The new partnership for Coca‑Cola continues our rich heritage in the international game and marks almost two decades as a partner of the world’s most iconic rugby event. Paul Dwan, Coca‑Cola general manager of Rugby World Cup 2015 team, said: "Rugby World Cup 2015 looks set to be the biggest ever. We’re delighted to be a part of it to celebrate the excitement and passion the tournament will generate."
It's a big year for rugby fans - here's why:
• It's the first time England has hosted the tournament since 1991
• 20 teams will play a total of 48 games at 13 venues across Great Britain
• It's going to be one of the biggest sporting events ever staged in the UK
The history of RWC

• 3 million fans are expected to cheer on the six-week-long festival

Coca‑Cola has a long-standing association with rugby from an international level through to the grassroots. Since first sponsoring Rugby World Cup 1995 in South Africa, Coca‑Cola has featured at every tournament, as well as supporting various local rugby initiatives around the world.

At less than three decades old, Rugby World Cup remains a relative newcomer to the stage of global sport, yet it has wasted no time in establishing itself as one of the biggest and best-loved sporting events on the planet. Having grown with every Tournament, almost four billion viewers tuned in to watch the 2011 Tournament in New Zealand, and the action was beamed into 750 million households across the globe.

This autumn’s event looks likely to rewrite the record books again, as 20 of the Game’s most powerful nations do battle up, down and all across England.

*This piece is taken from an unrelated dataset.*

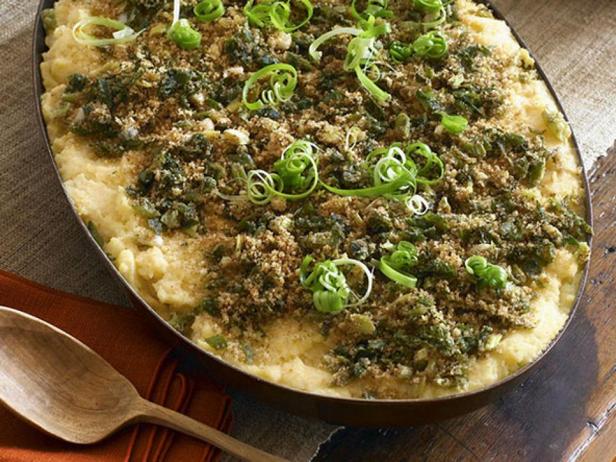 Foto des Gerichts – Kartoffelpüree mit Steckrübe und Zitrone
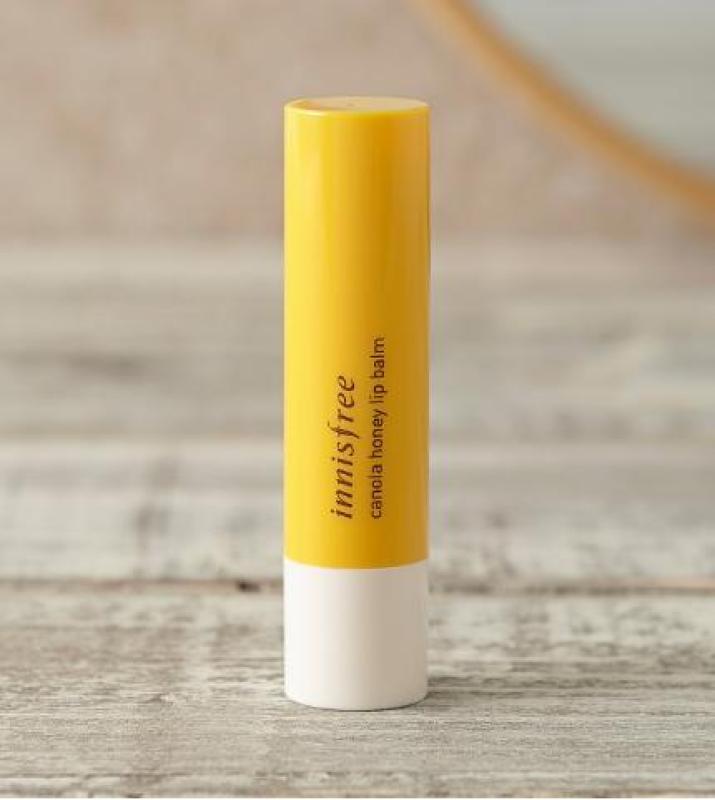 Son dưỡng môi từ Mật Ong Innisfree Canola Honey Lip Balm cao cấp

But to fully understand what is at stake in 2015 requires a little backstory, a recap of what has gone before. So let’s rewind to where it all began…


Despite the Game having been played for more than a century, that Rugby World Cup ever came to pass in 1987 was something of a surprise. The idea of a regular tournament between the world's strongest Rugby-playing nations had been suggested on several occasions – yet it had seemed at odds with the Game’s strictly amateur status. Writing in Thirty Bullies: A History of the Rugby World Cup, Alison Kervin noted that when the subject was raised once more, even the head of England's Football Association offered an opinion.“You rugger fellows would be best advised to stick to your international tours and matches and forget all about the flummery of a World Cup,” he warned. But the pressure finally told and the flummery duly followed. The inaugural event took place in New Zealand and Australia: 16 nations, 32 matches, one small gold Trophy: the Webb Ellis Cup – named after William Webb Ellis, the Englishman credited with inventing the game. New Zealand prevailed, overpowering France in the Final.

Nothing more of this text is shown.